INÊS VIEGAS OLIVEIRA
É no Bairro do Alvito, em Alcântara, num sótão transformado em atelier, que nos encontramos. A um mês de ser mãe, seria de esperar que Inês Viegas Oliveira abraçasse o ócio, mas as suas ferramentas (lápis, pincéis, canetas) não pesam nada, muito pelo contrário – são também uma forma de sair de si e manter as engrenagens da imaginação e da criatividade a funcionar. Até porque, confessa, se há coisa que não sabe fazer é parar de procurar respostas. Foi essa curiosidade insaciável que a levou a estudar Física e mais tarde, num volte-face, a redescobrir-se enquanto pessoa-artista. “Tinha uma vontade muito grande de comunicar aquilo que sabia, que estava a aprender, e a certa altura, quando percebi que me poderia servir do desenho, inscrevi-me, de uma forma até um pouco ingénua, num curso de ilustração infantil”, conta Inês, que acabou por se pós-graduar em Ilustração na Universidade Autónoma de Lisboa, aonde agora dá aulas, e se estreou na literatura para a infância com O Duelo (edi. Planeta Tangerina), que venceu o Prémio Nacional de Ilustração em 2022.
Dois anos antes, em 2020, foi a única portuguesa seleccionada para a exposição de ilustração da Feira do Livro Infantil de Bolonha. “Foi uma surpresa, mas abriu-me muitas portas.

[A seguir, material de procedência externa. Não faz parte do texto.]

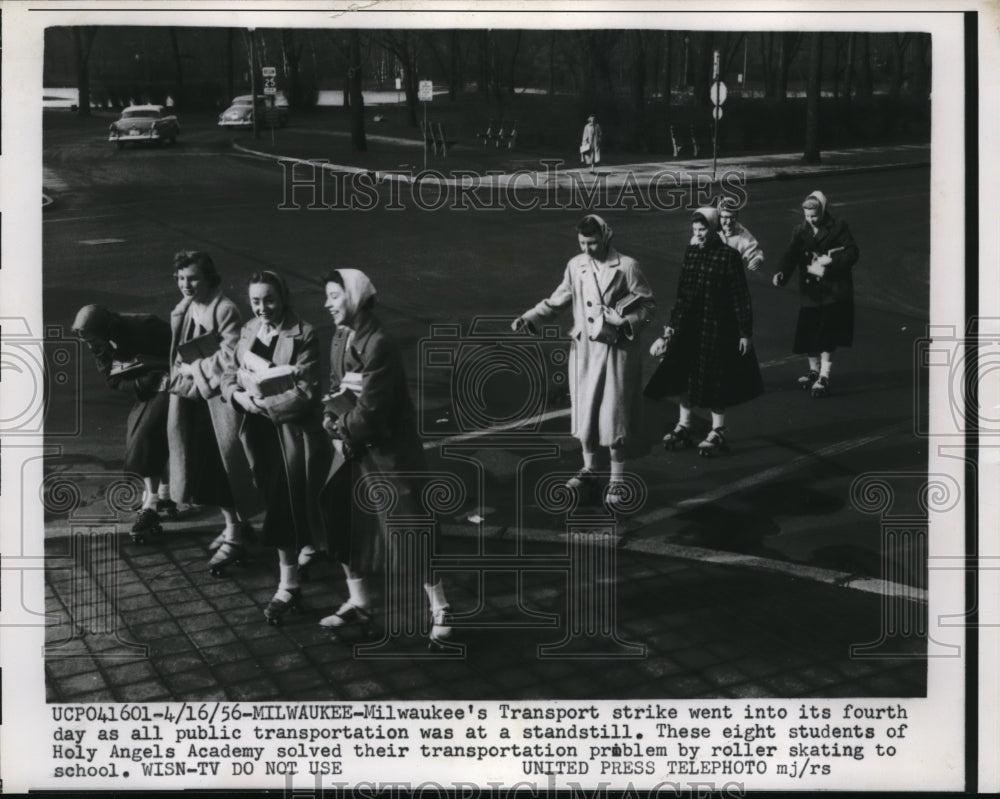 1956 Press Photo Milwaukee, Wis transport workers on strike - Historic Images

Quando estás a começar é difícil, porque ninguém conhece o teu trabalho.” Agora é diferente. Amiúde, por entre os seus projectos pessoais, incluindo a edição da revista literária Limoeiro Real, surgem-lhe convites e oportunidades. “Estou a fazer um livro de não-ficção, para crianças a partir dos oito, o que envolve muita investigação, que adoro, e a desenhar para um outro, da APCC [Associação para a Promoção Cultural da Criança], com texto da Susana Moreira Marques, que admiro muito. Em princípio, esse sai ainda este ano. Tenho tido muita sorte.”
GONÇALO VIANA
O sonho sempre foi fazer carreira a desenhar, mas só depois de três anos em Londres, a trabalhar como arquitecto, é que Gonçalo Viana descobriu que, afinal, podia ser uma realidade. “Quando voltei a Lisboa, um bom amigo meu tinha começado a ilustrar. De repente, percebi que era um trabalho.” Agora não se vê a viver de outra coisa. Começou como cartunista no Diário Económico e desde então tem colaborado regularmente com a imprensa, em Portugal e no estrangeiro. Talvez pela forma singular como, com humor e poesia visual, desconstrói realidades complexas. Um talento que também lhe serviu na hora de se estrear na literatura para a infância, com Troca-Tintas e Haja Paciência (ed. Orfeu Mini). “As crianças não põem uns óculos especiais para andar no mundo, vêem as mesmas coisas que nós. É mais uma questão de temáticas e de linguagem. Em termos de ilustração, o que procuro é oferecer-lhes desenhos divertidos e surreais, porque apreciam o humor e a dissonância, e o mais importante, mais do que ensinar qualquer coisa, é fazer com que gostem de livros e gostem de ler”, diz-nos.
“É um trabalho de amor. Primeiro porque, tal como quando trabalhava como arquitecto, há uma marca que fica, neste caso o objecto-livro. Depois porque, de certa forma, estamos a tocar na vida das pessoas. Por exemplo, o Troca-Tintas foi editado na Coreia e eu acabei por ver, já não me lembro como, um desenho feito por uma criança coreana que se inspirou no livro. E isso é fantástico, é como se uma parte de mim estivesse lá.” Para o ano há mais, revela. Está a trabalhar no próximo álbum ilustrado. Pelo meio, espera continuar a arranjar tempo para o essencial: “Para experimentar, para arriscar, para falhar.” O resto é o que chama “trabalho pão com manteiga”.
*Este artigo foi originalmente publicado na revista Time Out Lisboa, edição 671 — Outono de 2024.